Traditionen im Wandel – neue Kulturen, neue Formen?

Traditionen im Wandel – neue Kulturen, neue Formen?

Organisatoren
Jacques Picard; Institut für Jüdische Studien (IJS) der Universität Basel
Ort
Basel
Land
Switzerland
Vom - Bis
27.06.2005 - 30.06.2005
Url der Konferenzwebsite
Von
Jonathan Kreutner, Universität Zürich

Vom 27. bis zum 30. Juni 2005 organisierte das Institut für Jüdische Studien der Universität Basel (IJS) einen durch das Rektorat der Universität Basel geförderten Doktorandenworkshop zum Thema „Traditionen im Wandel – neue Kulturen, neue Formen?“. Auf Einladung von Prof. Dr. Jacques Picard, dem Leiter des Instituts für Jüdische Studien, nahmen auch zwei renommierte Gastprofessoren aus dem Ausland teil, um vor rund 20 in- und ausländischen Doktoranden über die verschiedenen Aspekte der jüdischen Kultur zu referieren. Die Hälfte der Doktoranden kam aus Basel, die andere Hälfte aus anderen Universitäten in Europa und den USA. Moderiert wurden die einzelnen Sessionen der Tagung durch Corinne Susanek (Universität Zürich), Julia Richers (Universität Basel) und Kristina Tomovska (Universität Basel). Im Vordergrund des Workshops stand der Austausch unter den Doktoranden, sowie die Diskussion und die Gewinnung neuer Anregungen für das eigene Forschungsprojekt. Den theoretischen Rahmen setzten dabei Richard I. Cohen, Professor für französisch-jüdische Geschichte an der Hebräischen Universität in Jerusalem, David Biale, Professor für Jüdische Studien an der Universität von Kalifornien in Davis, und Jacques Picard, Professor für Jüdische Geschichte und Kultur der Moderne an der Universität Basel. Im Zentrum ihrer Ausführungen standen Fragen des kulturellen Wandels und die Reflexion über die kulturelle Vielfalt innerhalb des Judentums in seinen Wechselbeziehungen mit den jeweiligen historischen Umwelten.

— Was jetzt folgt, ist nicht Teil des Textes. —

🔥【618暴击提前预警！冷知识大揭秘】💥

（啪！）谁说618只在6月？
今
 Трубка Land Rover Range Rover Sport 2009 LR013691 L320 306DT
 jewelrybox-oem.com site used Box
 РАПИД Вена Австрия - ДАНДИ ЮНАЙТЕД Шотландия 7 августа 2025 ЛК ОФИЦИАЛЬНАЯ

Richard I. Cohen sprach in seinem einleitenden Vortrag, den der Leo Aebisch Memorial Fund ausgerichtet hatte, über die Wandlung jüdischer Traditionen und Denkweisen. Er ging dabei unter anderem auf die Darstellungen von jüdischen Themen in der Kunst ein und zeigte anhand visueller Beispiele, wie diese sich gewandelt hatten und methodisch wie inhaltlich die Erkenntnisse des „Iconic turn“ für Jüdische Studien insbesondere fruchtbar gemacht werden kann. In seinem Workshop, den Cohen ausschließlich für die Teilnehmer der Tagung abhielt, widmete er sich dann der Untersuchung der Beziehung von europäischen und orientalischen Judentum. Besonders viel Diskussionsstoff bot das Essay „The Zionist Return to the West and the Mizrachi Jewish Perspective“ des israelischen Orientalisten Amon Raz-Krakotzkin, der dafür plädiert, von einer rein europäischen Betrachtung der Geschichte der Juden des Orients wegzukommen. In diesem Kontext wurden auch Texte des palästinensischen Orientalisten Edward Said diskutiert, der schon Ende der 70er den europäischen Diskurs über den Orient kritisierte. Die Teilnehmer unterhielten sich über diese Kontroverse angeregt mit Professor Cohen und entlockten dem Fachmann sogar einige kritische Bemerkungen zum aktuellen Forschungsstand.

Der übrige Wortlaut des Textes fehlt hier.